[Activity] Using the listing below, output only the lines from the one that contains "předkolo MOL Cup, Brná-Zbuzany, 16.7.2017Heřman, Brná" through the one that contains "سينر يتغلب على", inclusive, exactly as given and without images.

[Material for the task]
*****

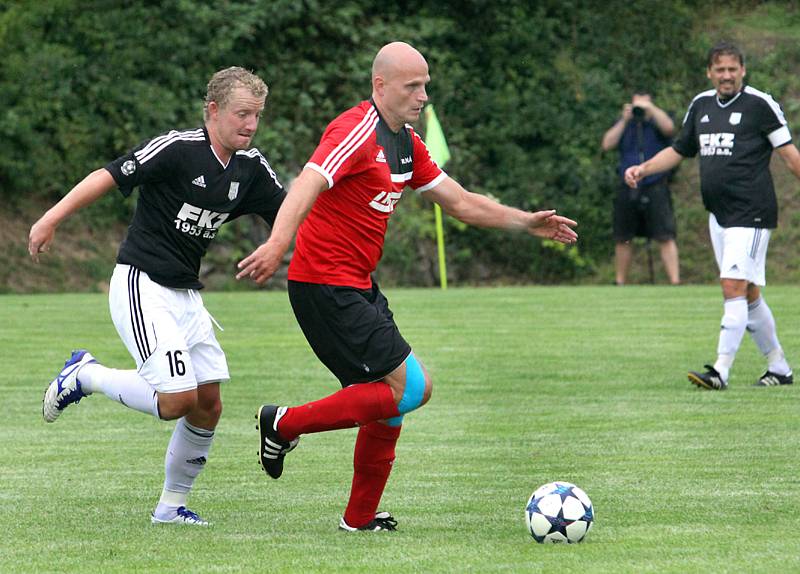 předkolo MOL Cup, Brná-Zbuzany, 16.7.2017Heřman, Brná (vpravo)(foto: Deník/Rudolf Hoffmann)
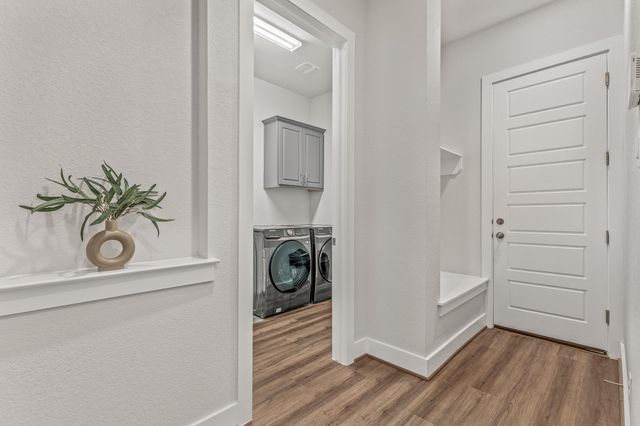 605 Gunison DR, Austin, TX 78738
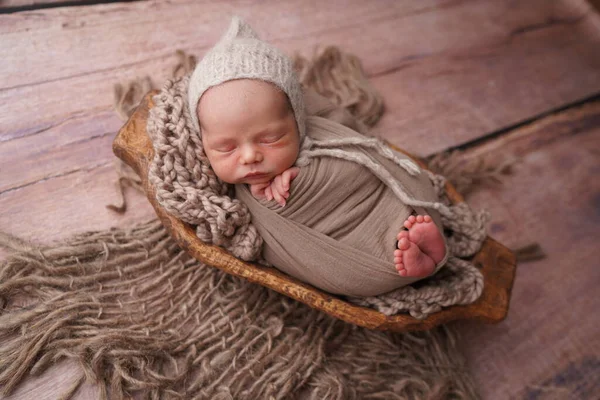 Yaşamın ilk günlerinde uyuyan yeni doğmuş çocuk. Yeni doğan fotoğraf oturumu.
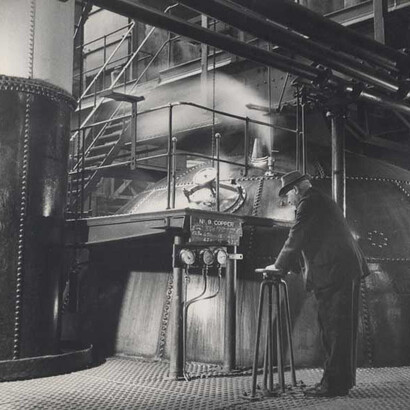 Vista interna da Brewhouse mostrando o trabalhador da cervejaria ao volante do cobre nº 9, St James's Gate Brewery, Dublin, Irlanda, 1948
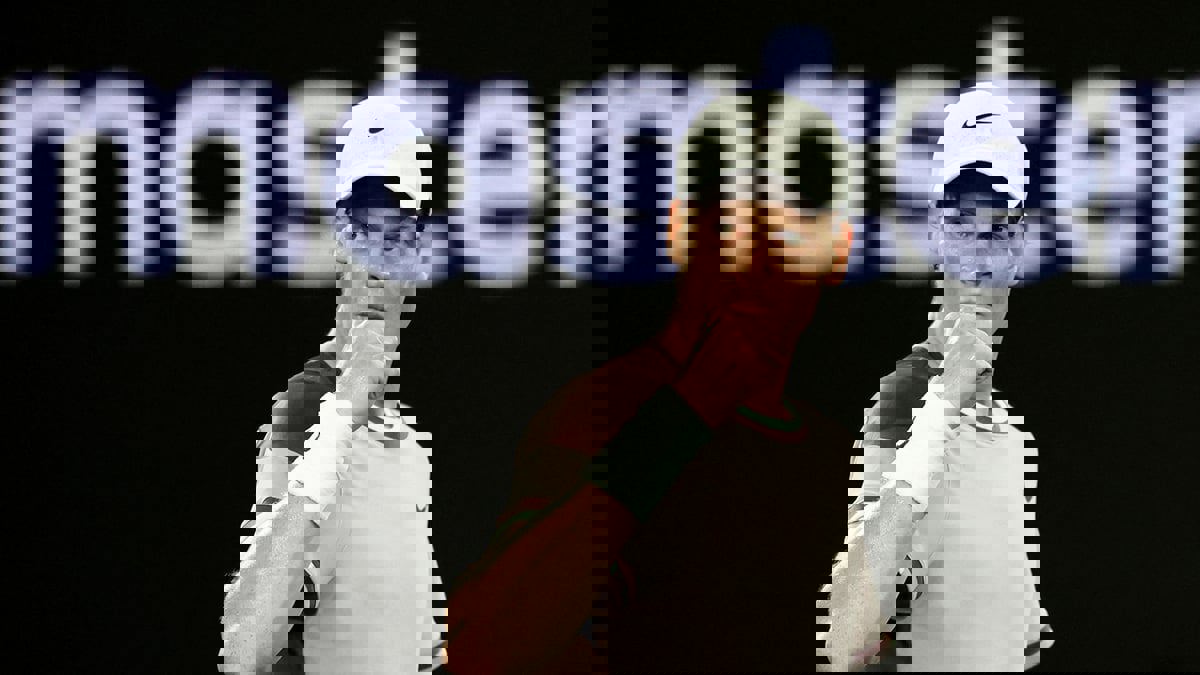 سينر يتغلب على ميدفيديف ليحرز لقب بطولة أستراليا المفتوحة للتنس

*****

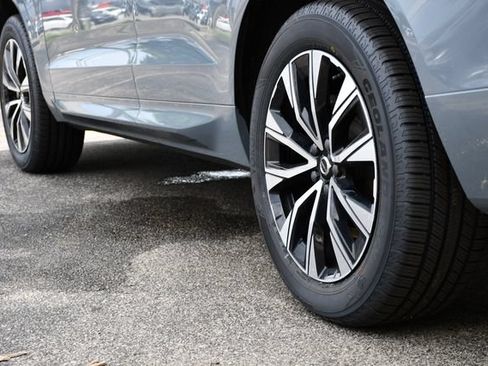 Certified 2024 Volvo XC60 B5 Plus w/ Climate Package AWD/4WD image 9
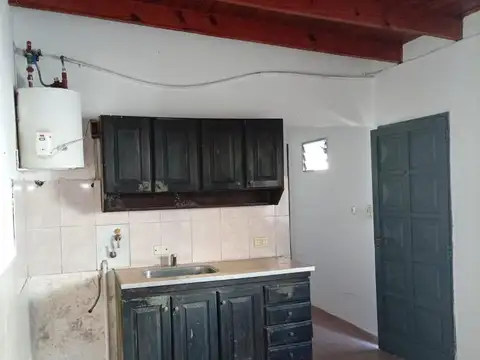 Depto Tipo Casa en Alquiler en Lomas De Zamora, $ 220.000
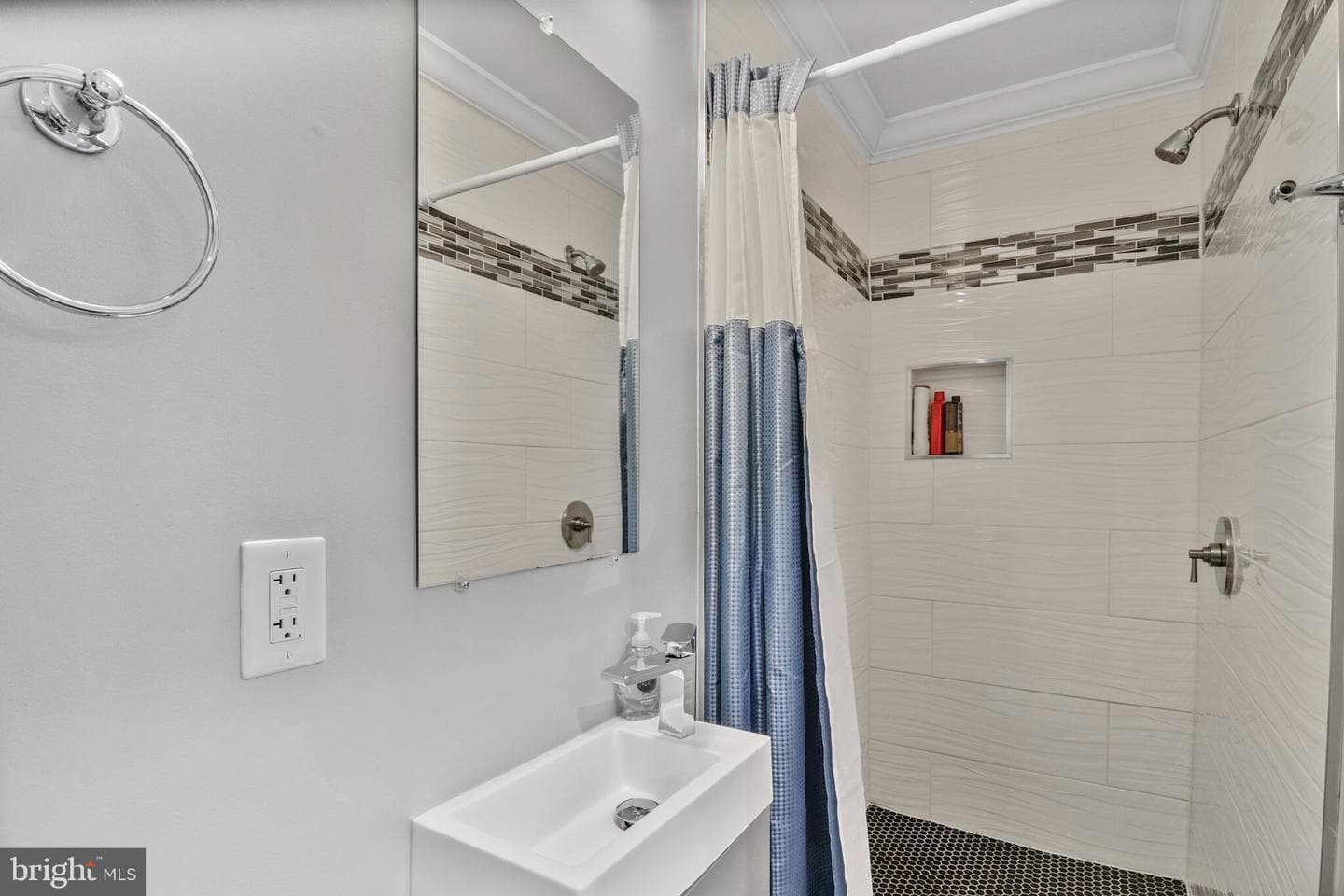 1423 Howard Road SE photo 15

*****

[Answer section]
 předkolo MOL Cup, Brná-Zbuzany, 16.7.2017Heřman, Brná (vpravo)(foto: Deník/Rudolf Hoffmann)
 605 Gunison DR, Austin, TX 78738
 Yaşamın ilk günlerinde uyuyan yeni doğmuş çocuk. Yeni doğan fotoğraf oturumu.
 Vista interna da Brewhouse mostrando o trabalhador da cervejaria ao volante do cobre nº 9, St James's Gate Brewery, Dublin, Irlanda, 1948
 سينر يتغلب على ميدفيديف ليحرز لقب بطولة أستراليا المفتوحة للتنس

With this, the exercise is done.